A questo proposito mi preme segnalare un libro di recentissima uscita, ad opera di Christian Uva – ricercatore all’Università di Roma Tre: Sergio Leone. Il cinema come favola politica (edizioni Fondazione Ente dello Spettacolo, pp. 220, euro 12,90). Si tratta di uno studio che tiene conto della dimensione ambivalente della poetica del cineasta romano, costantemente in bilico tra mestiere e autorialità, ma soprattutto restio a qualsivoglia classificazione sul piano ideologico.

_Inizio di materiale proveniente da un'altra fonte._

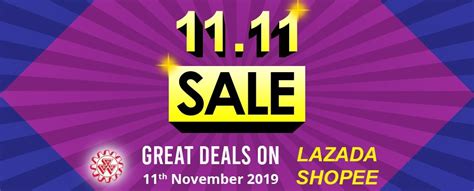 1111 Sales In Lazada And Shopee Nov 11 2019 Kuala Lumpur Kl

Figlio d’arte – il padre Roberto Roberti fu un prolifico regista all’epoca del muto – Sergio Leone è noto per aver reinventato i canoni del cinema di genere passando dai pepla, al western, al kolossal. E’ proprio tale reinvenzione a costituire il principale snodo politico del cinema leoniano, fautore di “…uno sguardo profondamente critico tanto nella materia raccontata quanto nei riguardi degli stessi dispositivi linguistici e drammaturgici che ne presiedono la messa in forma”.

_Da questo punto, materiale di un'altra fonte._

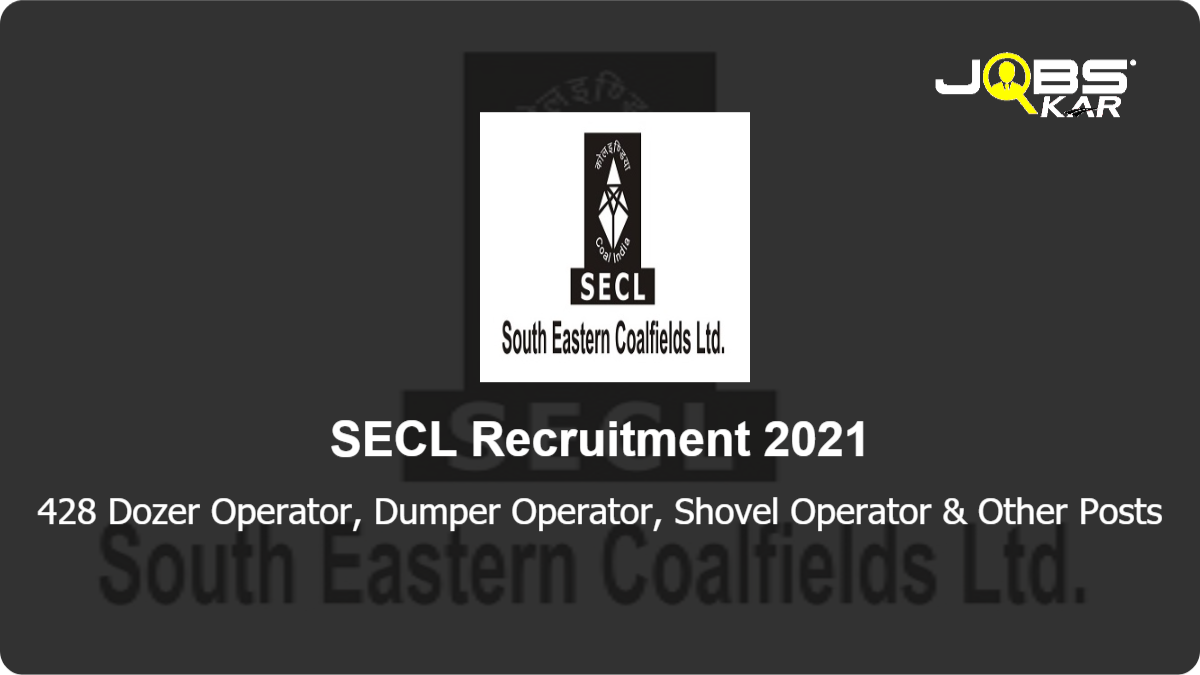 SECL Recruitment 2021: Apply Online for 428 Dozer Operator, Dumper Operator, Shovel Operator, Surface Miner Operator, Pay Loader Operator Posts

Sergio Leone, dichiaratamente alieno dalla militanza che contraddistingue i colleghi coevi, manifesta il proprio pensiero in virtù di quell’individualismo che emerge nei personaggi dei suoi film. Esattamente come il Sean di Giù la testa che si libera dell’ingombro ideologico di Bakunin, il personaggio leoniano è un libertario che si contrappone ad ogni partigianeria, un uomo “…che ha bandito la società da se stesso”. D’altra parte non si possono non notare, all’interno delle tematiche affrontate nei film in esame, evidenti riferimenti ad un immaginario rivoluzionario, determinato da una spiccata simpatia per “i dannati della terra”, incarnazioni evidenti di un populismo di stampo gramsciano. E’ proprio questa ambivalenza – distante dal manicheismo del western Zapata di Corbucci, Sollima e Damiani – a determinare la peculiarità di un autore difficilmente etichettabile.

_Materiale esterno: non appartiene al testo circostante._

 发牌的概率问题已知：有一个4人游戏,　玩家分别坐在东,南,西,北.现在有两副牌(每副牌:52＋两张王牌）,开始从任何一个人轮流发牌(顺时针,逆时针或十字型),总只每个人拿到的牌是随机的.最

Ma è anche la dimensione stilistica a conferire, secondo Uva, la particolare consistenza politica del cinema di Leone. L’afflato mitopoietico delle produzioni del western classico, difatti, ha generato nel regista una cultura della citazione che ne ha comportato la consistenza della propria poetica. Il cinema leoniano, in buona sostanza, risemantizza i canoni del cinema di genere hollywoodiano ricollocandolo in una dimensione favolistica e post-storica. E’ tale dimensione ad infondere nel cineasta l’innata avversione verso le grandi narrazioni ideologiche, facendone, per dirla con Baudrillard, “il primo regista postmoderno”.